*** Stored data
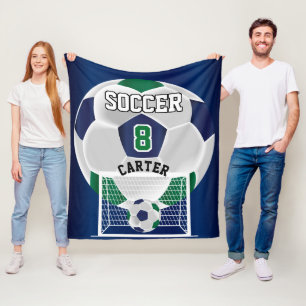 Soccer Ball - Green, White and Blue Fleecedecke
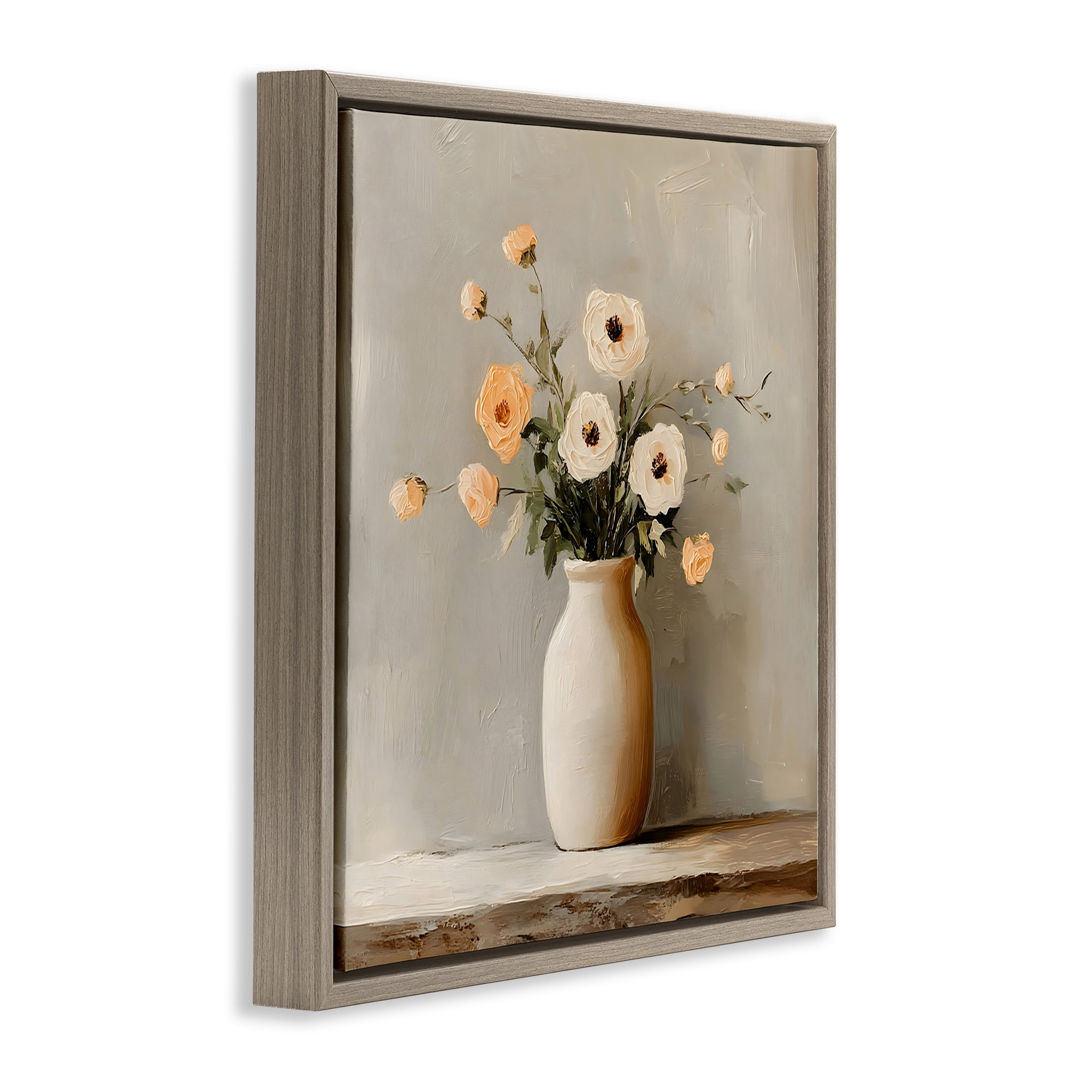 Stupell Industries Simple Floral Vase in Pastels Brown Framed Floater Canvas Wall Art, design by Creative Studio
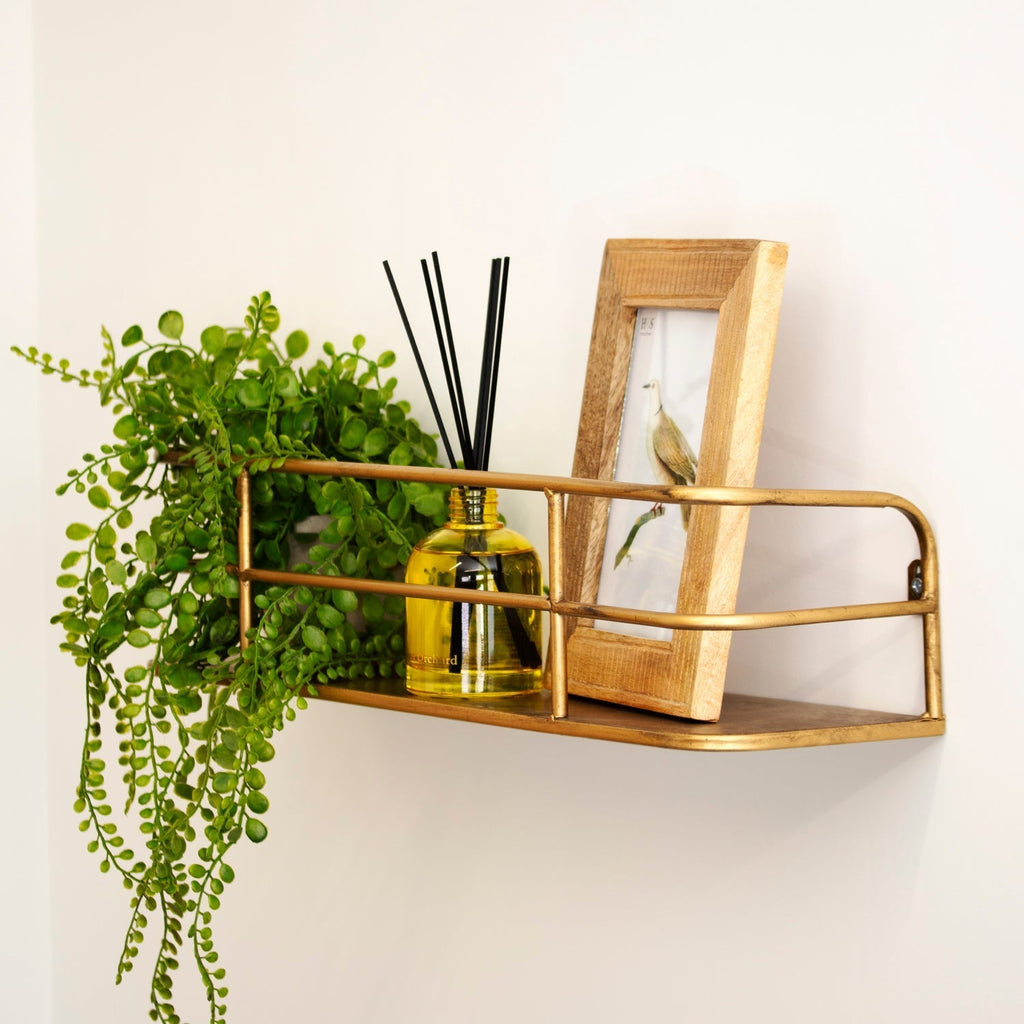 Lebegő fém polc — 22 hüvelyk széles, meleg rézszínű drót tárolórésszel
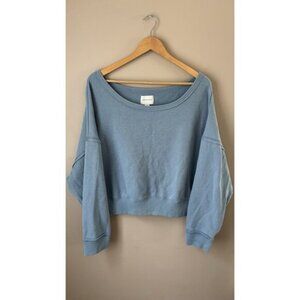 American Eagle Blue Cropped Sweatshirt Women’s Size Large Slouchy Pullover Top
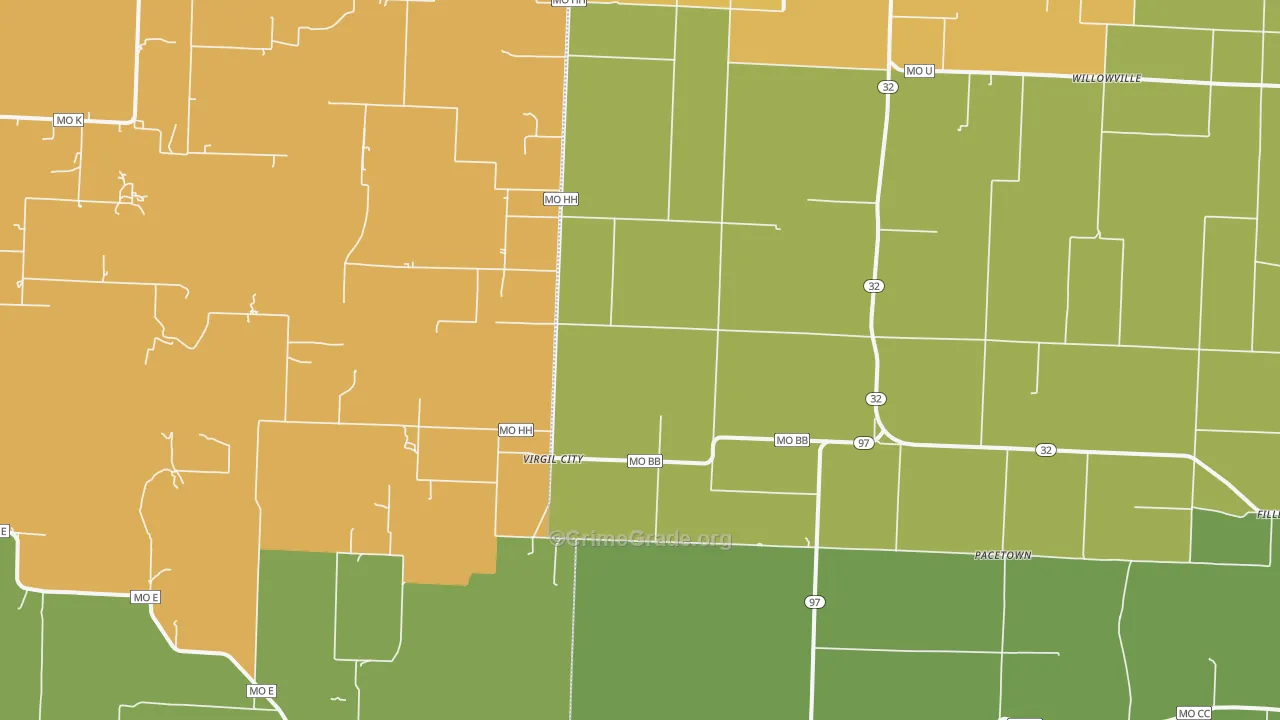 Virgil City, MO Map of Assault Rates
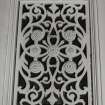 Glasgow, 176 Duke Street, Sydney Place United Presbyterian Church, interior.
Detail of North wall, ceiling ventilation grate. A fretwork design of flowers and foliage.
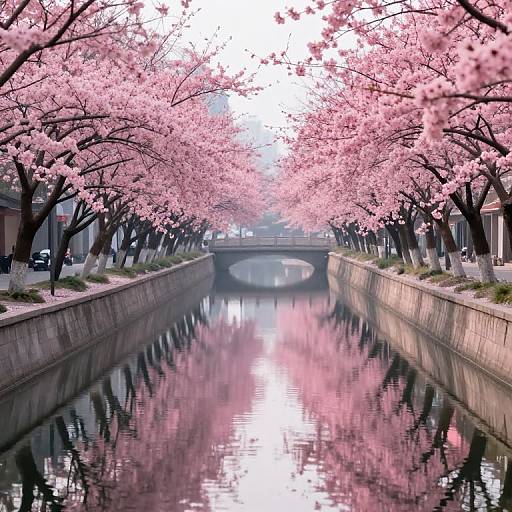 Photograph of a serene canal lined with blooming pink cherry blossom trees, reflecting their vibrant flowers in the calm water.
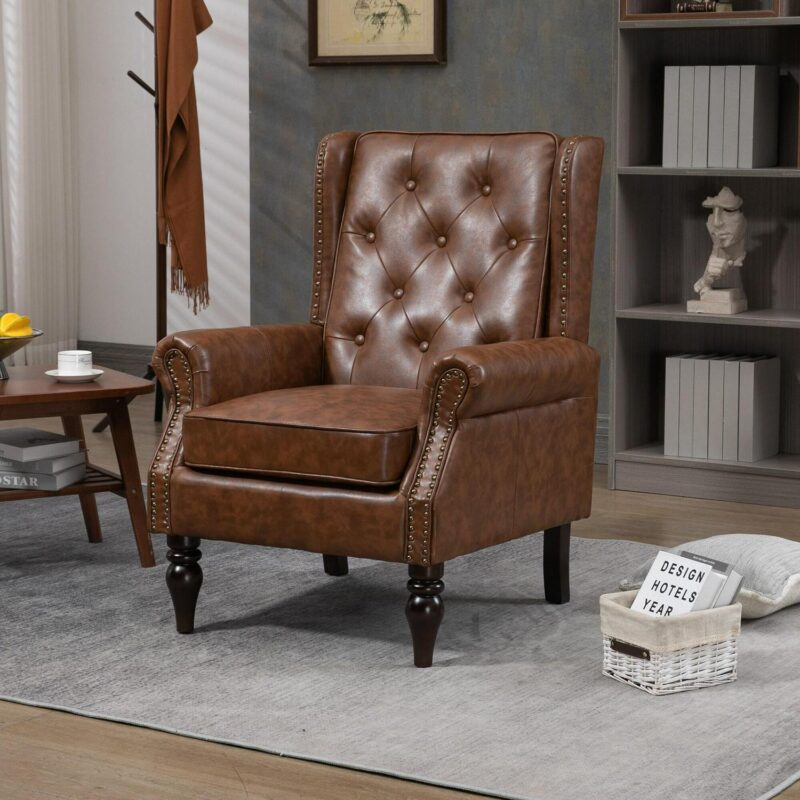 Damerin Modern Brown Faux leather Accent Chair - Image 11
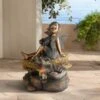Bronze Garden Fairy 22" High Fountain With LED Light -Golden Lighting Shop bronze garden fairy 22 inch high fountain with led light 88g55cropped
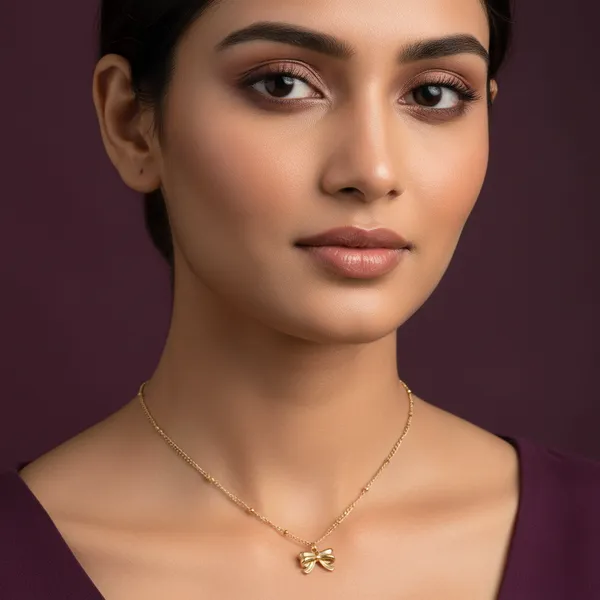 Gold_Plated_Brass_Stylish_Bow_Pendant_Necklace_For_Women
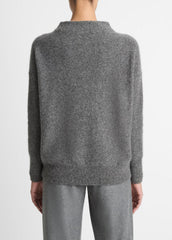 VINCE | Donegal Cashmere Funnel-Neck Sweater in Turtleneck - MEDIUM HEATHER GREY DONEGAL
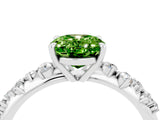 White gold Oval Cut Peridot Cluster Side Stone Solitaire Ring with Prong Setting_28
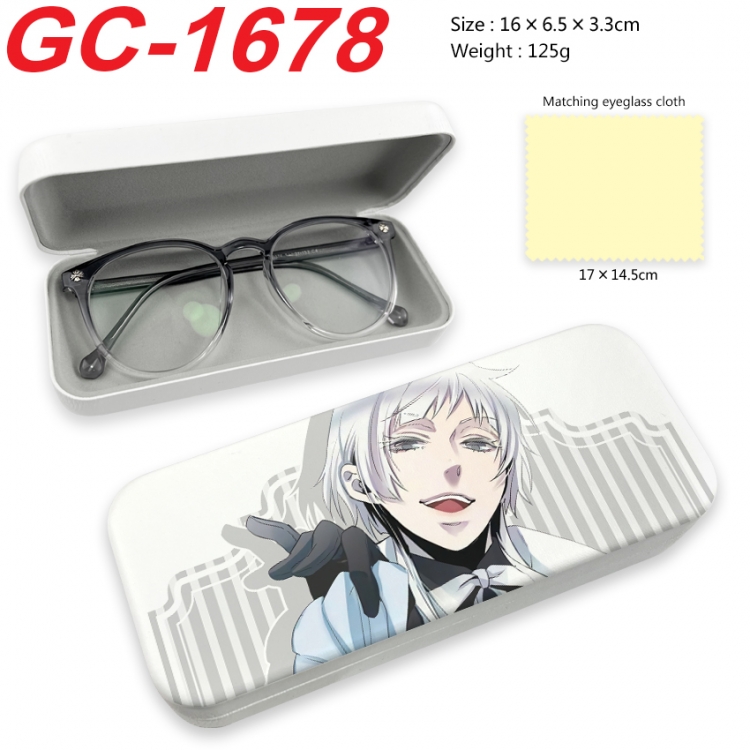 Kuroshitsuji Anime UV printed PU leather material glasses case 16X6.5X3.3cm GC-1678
******
◆ **Exercise**
Reproduce the whole of the data, word for word, and omit its pictures.

◆ **Response to the exercise**
 Soccer Ball - Green, White and Blue Fleecedecke
 Stupell Industries Simple Floral Vase in Pastels Brown Framed Floater Canvas Wall Art, design by Creative Studio
 Lebegő fém polc — 22 hüvelyk széles, meleg rézszínű drót tárolórésszel
 American Eagle Blue Cropped Sweatshirt Women’s Size Large Slouchy Pullover Top
 Virgil City, MO Map of Assault Rates
 Glasgow, 176 Duke Street, Sydney Place United Presbyterian Church, interior.
Detail of North wall, ceiling ventilation grate. A fretwork design of flowers and foliage.
 Photograph of a serene canal lined with blooming pink cherry blossom trees, reflecting their vibrant flowers in the calm water.
 Damerin Modern Brown Faux leather Accent Chair - Image 11
Bronze Garden Fairy 22" High Fountain With LED Light -Golden Lighting Shop bronze garden fairy 22 inch high fountain with led light 88g55cropped
 Gold_Plated_Brass_Stylish_Bow_Pendant_Necklace_For_Women
 VINCE | Donegal Cashmere Funnel-Neck Sweater in Turtleneck - MEDIUM HEATHER GREY DONEGAL
 White gold Oval Cut Peridot Cluster Side Stone Solitaire Ring with Prong Setting_28
 Kuroshitsuji Anime UV printed PU leather material glasses case 16X6.5X3.3cm GC-1678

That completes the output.